The AIMR-2C will be a 6,000 –square-foot lab space dedicated to interactive data visualization. The building will be built as an addition adjacent to the main entrance of building 653 at Wright-Patterson Air Force Base. Building 653 is home to the Materials and Manufacturing Directorate’s headquarters.

“AI/ML is rapidly being incorporated into facets of our everyday lives, from things as mundane as the way we unlock our phones to complex systems like self-driving cars,” said Dr. Eric Harper, a research materials engineer in the Materials and Manufacturing Directorate and technical lead of the AIMR-2C project. “As researchers at AFRL, we need to understand how to leverage this massively disruptive capability to accelerate the materials design process. AIMR-2C does more than simply provide AFRL researchers and collaborators access to cutting-edge hardware. It allows us to more rapidly learn the latest methods and techniques, assist each other in developing the next generation of models, apply those to multidisciplinary materials science problems, and share our results more effectively, thereby accelerating our ability to identify, develop and transition the next generation of stuff that makes the future.”

AFRL has a physical presence in 10 states and accomplishes its mission through nine technology directorates, the 711th Human Performance Wing, the Air Force Office of Scientific Research and AFWERX. Since scientific collaboration and experimentation often requires experts from several locations to be present, progress is often slowed by the need to travel.

The AIMR-2C will offer a number of features that will help make remote collaboration more seamless, offering AFRL and its partners the ability to maximize collaboration, data sharing and model development.

“The on-site research server cluster provided by the project will be a dedicated high-power computational tool enabling researchers to process, visualize and interact with large datasets collaboratively in real-time,” said Kurt Lamm, facility engineer at AFRL’s Materials and Manufacturing Directorate. “Research co-location with data visualization provides dedicated subject-matter expertise in AI/ML, data analysis, and visualization to assist researchers in accelerating the development of next-generation models, workflows, and visualization pipelines. Primarily, this project builds technology capability, but it also has second-order effects in construction job creation and STEM job creation. When finished, this advanced laboratory will be a talent recruitment and retention beacon. AIMR-2C is a win for the Miami Valley.”

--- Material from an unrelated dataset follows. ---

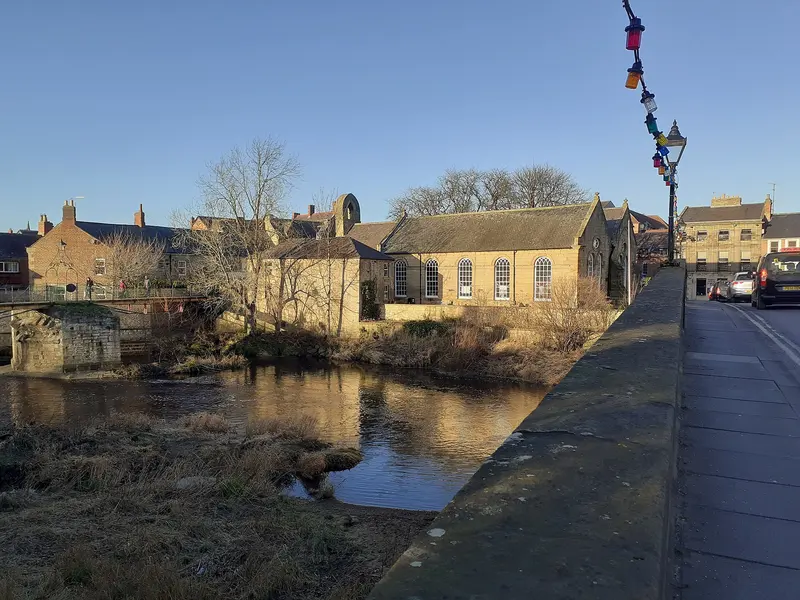 The stone Chantry building beside the River Wansbeck in Morpeth, seen from the Telford Bridge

Additionally, the lab’s location at Wright-Patterson Air Force Base in Dayton, Ohio, will serve to maximize over 100 existing partnerships. It will also benefit local academic institutions such as the Air Force Institute of Technology or AFIT and Wright State University, based on new and existing partnership agreements. AFIT’s Hangar 18 Software Laboratory is a unique asset that can help facilitate rapid digital solutions and pipelines for data visualization and research.

“The ability to collaborate remotely and conduct research, experiments and data analysis in real-time will dramatically speed up the progress of research and prototyping,” said Dr. Lauren Ferguson, Digital Transformation Lead at AFRL’s Materials and Manufacturing Directorate. “Currently, we must either send someone to the location to run an experiment or there must be experts already on site who can run it and ship the data back to us to analyze. The AIMR-2C collaboration space will not only allow experts to collaborate on an experiment while in different locations, but it will also allow them to share and analyze data in real-time as well as correct and re-run experiments without the need for travel.”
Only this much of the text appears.